Велика хитрость! Назовите мне какое-нибудь самое чистое и выдающееся деяние, и я берусь обнаружить в нём, с полным правдоподобием, полсотни порочных намерений. Одному Богу известно, сколько разнообразных побуждений можно, при желании, вычитать в человеческой воле! Но любители заниматься подобным злословием поражают при этом не столько даже своим ехидством, сколько грубостью и тупоумием» (93, 213). Простейшее объяснение событий с помощью ключа греха очевидно: Святослав пошёл на союз с Василием Костромским для совместной победы над Новгородом. Новгород — вот главный враг Твери. Господство в Новгороде — главная цель её политической стратегии. Новгород должен стать на колени перед стольным Владимиром, а в конечном счёте — перед Тверью. Таков был завет Ярослава Ярославича, принятый к исполнению его сыновьями.

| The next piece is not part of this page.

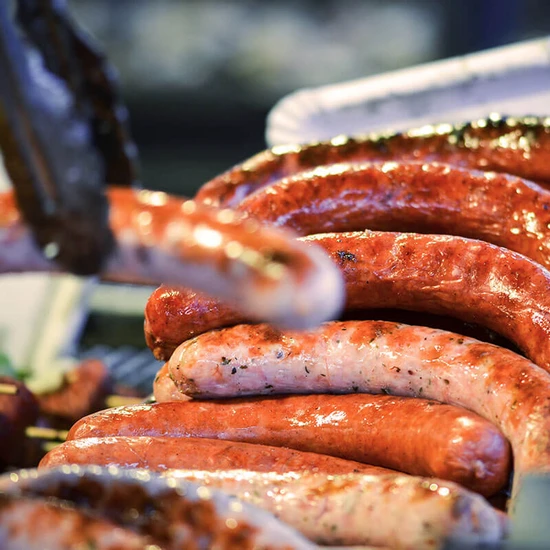 Gebratene Würstchen auf Grill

Заметим, что борьба вокруг Новгорода и борьба боярских партий в самом городе составляют основное содержание политической истории Северо-Восточной Руси во второй половине XIII столетия. В этой борьбе у каждого из князей были свои методы и своя стратегия. Будущее показало, что прямолинейная, силовая стратегия тверской политики по отношению к Новгороду таила в себе опасность грядущей катастрофы. «Банк всея Руси» умел мстить своим обидчикам. Но кто из смертных может заглянуть в будущее?
Пользуясь же ключом добродетели, мы скажем, что Святослав Тверской вступил в союз с врагом своего отца Василием Костромским, исходя из принципа легитимности, нарушение которого вело Северо-Восточную Русь к хаосу и разрухе. Это был для него тяжёлый морально, но необходимый шаг. Со временем Михаил Тверской поймёт: брат Святослав дал ему полезный урок столь редкой в политике принципиальности.